In Silencer, the 11th novel featuring him, Thorn finds himself deeper in the heart of the Florida wilderness than even he is comfortable with after he's kidnapped:
"Chaos theory," Thorn thinks, "every part of the universe connected by a web of fragile pulses no one could predict. Earl Hammond. Coquina Ranch. Florida Forever. The land swap. Thorn tries to do a good deed, and a few flutters of a butterfly wing later, he lands on his butt 20 feet down a sinkhole. Detained by the karma police."
Coquina Ranch would be that sinkhole's location, a 200,000-acre sweep of grassland and oak hammock just north of the Everglades. It's owned by 87-year-old rancher Earl Hammond, who's eager to preserve it in its semiwild state. Florida Forever is the state's acclaimed land preservation program (defunded last year by our brilliant Legislature).
And that land swap? Constant readers of Hall's books will remember that in the last one, Hell's Bay (2008), the usually happily broke Thorn ended up inheriting a large fortune. As Silencer opens, his lady friend, Rusty Stabler, has transformed herself from a fishing guide to a savvy business manager and engineered a complex swap that will add both Coquina Ranch and a huge chunk of land Thorn now owns near Sarasota to the state's preservation lands.
It's such a great plan that Thorn uncharacteristically decides to throw a big party to celebrate. In the wee boozy hours, a couple of strangers brace him in his kitchen, and next thing you know he's down at the bottom of that sinkhole with a severe hangover and nothing but his island shirt, a diamond ring and a sardine can to effect an escape.
His kidnappers are not the karma police but the Faust brothers: handsome, calm Moses and weasely, jittery Jonah, who drive around in a camouflage Prius. They're vicious henchmen, but whose?
Back at the Coquina Ranch main house, three people have been killed. Among the living are Earl Hammond's son Browning; his college friend Antwan Shelton, a pro football player turned celebrity pitchman; and Herbert Sanchez, governor of the state of Florida, who is visiting the ranch to enjoy Browning's recent innovation: a captive hunting operation. Pay your money and shoot your exotic species, guaranteed, since the animals are penned and the "hunters" are driven right to them.
Worse things than bad sportsmanship are going on at Coquina Ranch, though, and Browning's wife, Claire, and his estranged brother, Frisco, a Miami police officer who runs the city's mounted patrol, are trying to figure out just what. Meanwhile, Rusty and private detective Sugarman, Thorn's best friend, are desperately searching for their missing pal, and Thorn himself is busy trying to survive thirst, timber rattlesnakes and the Faust boys.
Hall is really on his game with Silencer. He skillfully bounces the reader around among various points of view — Thorn's, Claire's, Jonah's, Frisco's, Sugarman's — to keep the suspense taut and the story galloping forward.
Hall, a Coral Gables resident who recently retired as a literature and creative writing professor at Florida International University, continues to develop his series characters, Thorn and Sugarman, in believable ways, and weaves some surprising new information about Rusty neatly into the plot.
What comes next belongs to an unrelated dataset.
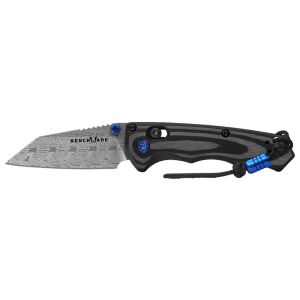 Navaja Benchmade Full Immunity - Edición Limitada Worksharp 290-241 con hoja de acero Damasco de 6.3 cm y de fibra de carbono de 8.8 cm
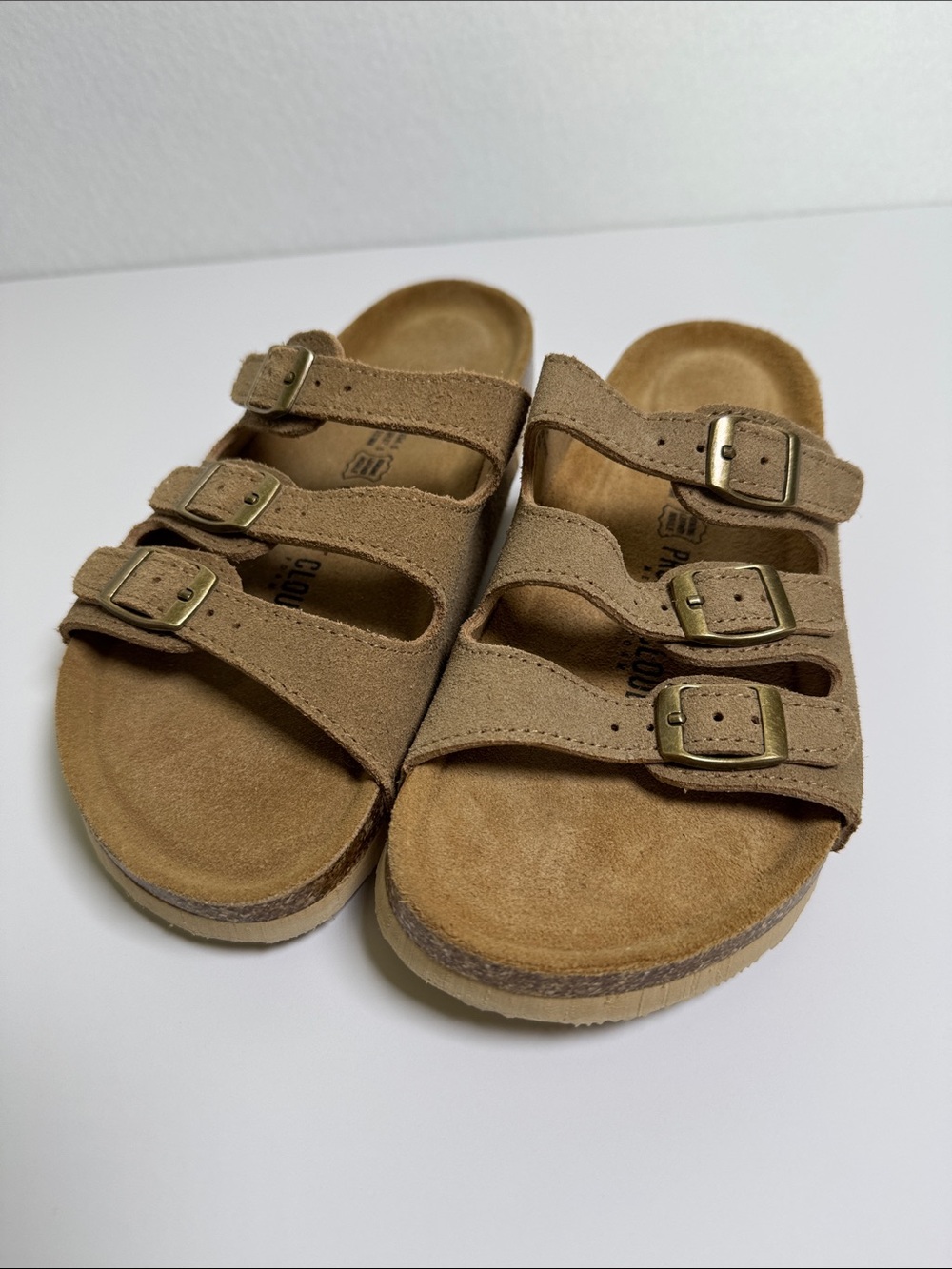 Project Cloud Tan Suede Triple Buckle Comfort Slide Sandals Size 6.5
He also expands his evocation of the Florida landscape — he's a past master of the Keys and Miami — to the state's interior, where there are still vast lands not yet crusted over by development.
In those beautiful and mysterious and sometimes savage places, he has set a compelling story in Silencer, one that reaches back into Florida's past and looks toward its future while taking the reader on a breakneck ride through its present.